Confindustria accessori moda, che rappresenta circa 10.000 imprese nei settori calzaturiero, pelletteria, pellicceria e concia, ha presentato i risultati dell’Indagine Congiunturale realizzata dal proprio Centro Studi. Questo rapporto fotografa l’andamento del comparto in un contesto internazionale segnato da nuove tensioni geopolitiche.
Fatturato e produzione: un quadro misto
Nel periodo gennaio-marzo 2026, il fatturato del campione ha registrato una flessione moderata del 2,7%. Tuttavia, il 31% delle imprese ha aumentato i ricavi rispetto allo stesso periodo del 2026, e un ulteriore 25% li ha mantenuti stabili.

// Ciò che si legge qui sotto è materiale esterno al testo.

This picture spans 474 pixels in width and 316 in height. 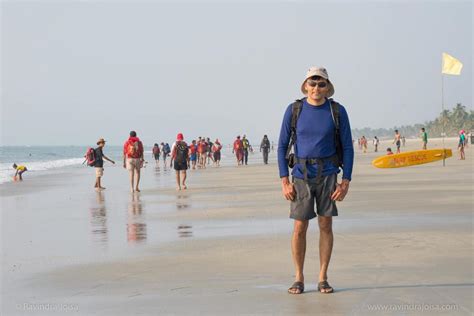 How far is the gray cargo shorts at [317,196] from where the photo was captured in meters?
6.03

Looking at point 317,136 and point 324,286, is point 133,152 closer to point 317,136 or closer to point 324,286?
point 317,136

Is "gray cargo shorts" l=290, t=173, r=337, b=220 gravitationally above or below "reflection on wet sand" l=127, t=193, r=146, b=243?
above

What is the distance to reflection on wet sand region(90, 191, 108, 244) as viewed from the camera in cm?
1030

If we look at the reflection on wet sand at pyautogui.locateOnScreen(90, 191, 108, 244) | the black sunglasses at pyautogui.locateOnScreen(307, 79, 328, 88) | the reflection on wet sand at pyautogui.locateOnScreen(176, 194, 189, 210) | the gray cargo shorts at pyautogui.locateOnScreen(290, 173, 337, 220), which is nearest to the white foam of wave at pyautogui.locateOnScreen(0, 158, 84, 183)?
the reflection on wet sand at pyautogui.locateOnScreen(176, 194, 189, 210)

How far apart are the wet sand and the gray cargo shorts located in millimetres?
707

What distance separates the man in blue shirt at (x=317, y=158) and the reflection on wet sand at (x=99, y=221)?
14.7ft

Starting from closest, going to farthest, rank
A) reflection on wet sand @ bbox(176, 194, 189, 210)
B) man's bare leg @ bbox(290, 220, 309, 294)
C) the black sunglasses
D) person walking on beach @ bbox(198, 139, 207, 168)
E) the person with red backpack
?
the black sunglasses < man's bare leg @ bbox(290, 220, 309, 294) < reflection on wet sand @ bbox(176, 194, 189, 210) < the person with red backpack < person walking on beach @ bbox(198, 139, 207, 168)

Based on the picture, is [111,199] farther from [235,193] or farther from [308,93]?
[308,93]

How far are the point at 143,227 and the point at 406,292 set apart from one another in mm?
6308

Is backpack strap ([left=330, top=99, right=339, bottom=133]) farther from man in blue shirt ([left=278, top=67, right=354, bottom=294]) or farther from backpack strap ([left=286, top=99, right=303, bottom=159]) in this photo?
backpack strap ([left=286, top=99, right=303, bottom=159])

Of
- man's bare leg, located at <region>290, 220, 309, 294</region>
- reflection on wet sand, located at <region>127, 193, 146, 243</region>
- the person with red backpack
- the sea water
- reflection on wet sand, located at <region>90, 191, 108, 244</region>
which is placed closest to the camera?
man's bare leg, located at <region>290, 220, 309, 294</region>

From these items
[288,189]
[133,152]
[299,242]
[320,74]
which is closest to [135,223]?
[299,242]

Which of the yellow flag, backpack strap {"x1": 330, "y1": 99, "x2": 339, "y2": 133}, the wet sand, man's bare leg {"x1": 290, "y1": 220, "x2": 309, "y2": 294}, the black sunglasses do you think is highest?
the yellow flag

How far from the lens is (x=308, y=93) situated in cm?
609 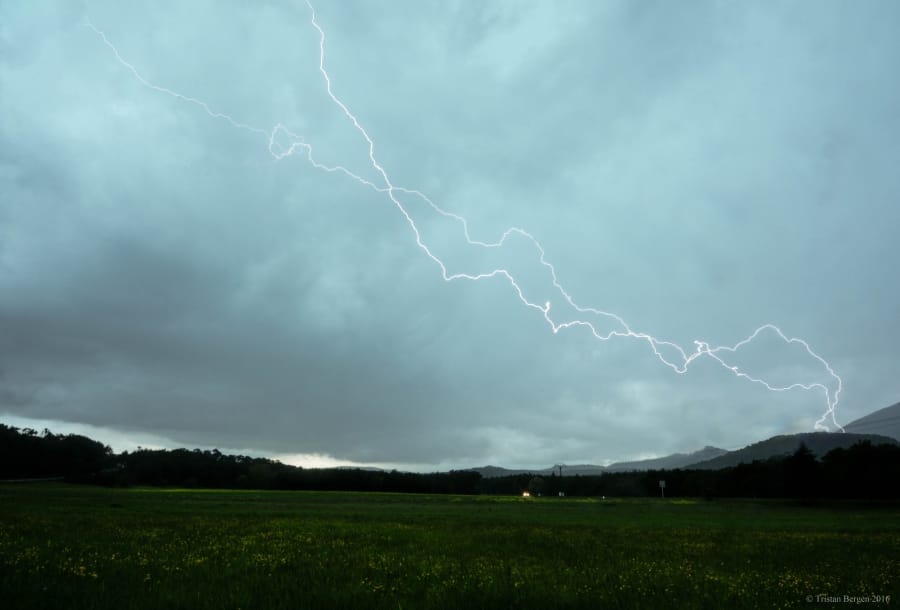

Il 44% delle aziende ha segnalato un calo, in larga parte entro il -20%.
Sul fronte della produzione fisica, oltre la metà delle aziende ha segnalato difficoltà. Tuttavia, c’è un segnale debole ma significativo di una graduale regolarizzazione dell’indice Istat della ‘Fabbricazione di articoli in pelle e simili’, che registra un +0,7% su gennaio-marzo 2026.
Occupazione e cassa integrazione: segnali positivi
Le ore di cassa integrazione autorizzate dall’Inps per l’area pelle sono scese a 6,2 milioni nel primo trimestre, in calo del 40,4% rispetto ai 10,5 milioni dello stesso periodo del 2026. Pur restando su livelli sostenuti, il ricorso alla cassa integrazione si allontana dai picchi emergenziali. Tra le imprese associate, il 23,8% ha utilizzato ammortizzatori sociali nel trimestre, in calo rispetto al 28,4% della rilevazione precedente.
Le elaborazioni del Centro studi su dati Infocamere stimano 133.660 addetti a marzo 2026, con una diminuzione del 1,3% rispetto al consuntivo del 2026. Il numero di aziende attive è sceso a 9.174, con una diminuzione del 2,1% rispetto a fine 2026. Questo processo di selezione delle imprese vede uscire dal mercato le realtà più fragili, mentre resistono e investono le aziende più strutturate e orientate ai mercati internazionali.
Prospettive future: cautela e opportunità
Le aspettative occupazionali restano caute: il 68% del campione prevede organici stabili a fine giugno, a fronte di un 24% che attende una riduzione e di un 8% in aumento. Nonostante le difficoltà, il settore degli accessori moda italiano continua a dimostrare una straordinaria capacità di resilienza e adattamento.
Le imprese del settore stanno affrontando una fase complessa, caratterizzata da una domanda internazionale debole e da un contesto geopolitico instabile. Tuttavia, continuano a investire, innovare e preservare competenze e occupazione, dimostrando ancora una volta la straordinaria resilienza che contraddistingue il Made in Italy.